Reakcja z Pałacu Prezydenckiego
Szef Kancelarii Prezydenta Zbigniew Bogucki w zaprzeczył insynuacjom premiera i przyznał, że „nie ma takiej wiedzy, by tak było”.
Podkreślił, że prezydent Nawrocki spotyka się z premierem, gdy ten chce – np. następnego dnia po prośbie, podczas rocznicy II wojny światowej czy Rady Gabinetowej.
- Pan prezydent jest otwarty na różne środowiska – zapewnił.
Tło napięć politycznych
Konflikt eskaluje wokół polityki zagranicznej, kwestii dotyczących ambasadorów, nominacji oficerskich i kilku zawetowanych ustaw. Tusk narzeka na ludzi prezydenta, a zaprzyjaźnione z Platformą media przeprowadzają medialne ataki.
Złośliwości i ostre komentarze płyną także z ust ważnych polityków aktualnej koalicji.

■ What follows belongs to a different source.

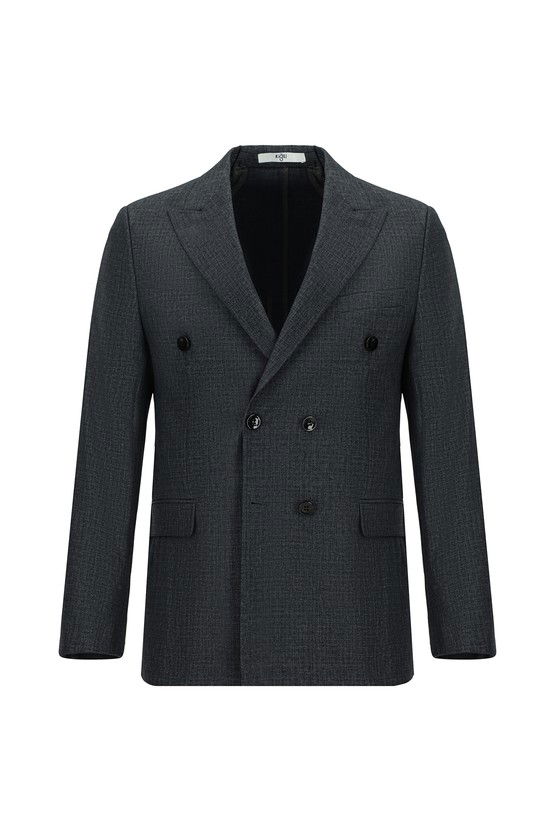 Erkek Giyim - Slim Fit Dar Kesim Desenli Kruvaze Takım Elbise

Wicepremier i szef MON-u Władysław Kosiniak-Kamysz na antenie TOK FM stwierdził, że "współpracownicy prezydenta przekraczają granice chamstwa i kłamstwa".
Jednocześnie przyznał, że od niego prezydent odbiera telefony:
- Wczoraj krótko rozmawialiśmy telefonicznie z panem prezydentem - tłumaczył.

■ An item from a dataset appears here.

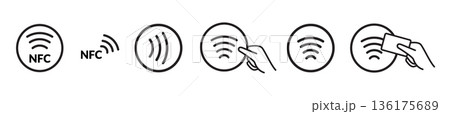 NFC card payment contactless icon. Mobile logo rfid symbol wireless smartphone nfc pay NFC card payment contactless icon. Mobile logo rfid symbol wireless smartphone nfc pay 136175689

Z obozu prezydenckiego płyną z kolei sygnały, iż jednym z najpoważniejszych czynników decydujących o kształcie relacji miedzy pałacami jest kwestia grudniowego szczytu G20, na który prezydent Trump zaprosił prezydenta Nawrockiego.
- Zaproszenie na szczyt G20 było wynikiem świetnej rozmowy w Białym Domu pomiędzy Prezydentem K. Nawrockim a Prezydentem D. Trumpem, ale by móc na stałe zagościć na tym forum potrzebna jest jeszcze dalsza aktywność dyplomatyczna na wszelkich możliwych forach i poziomach reprezentacji. Wierzę więc głęboko we współpracę ze stroną rządową, aby ten niekwestionowany sukces Prezydenta przekuć w pełną i trwałą obecność w tej prestiżowej grupie - komentuje na portalu X Marcin Przydacz, Szef Biura Polityki Międzynarodowej Prezydenta RP.
Czyżby ktoś ze strony rządowej próbował torpedować te plany?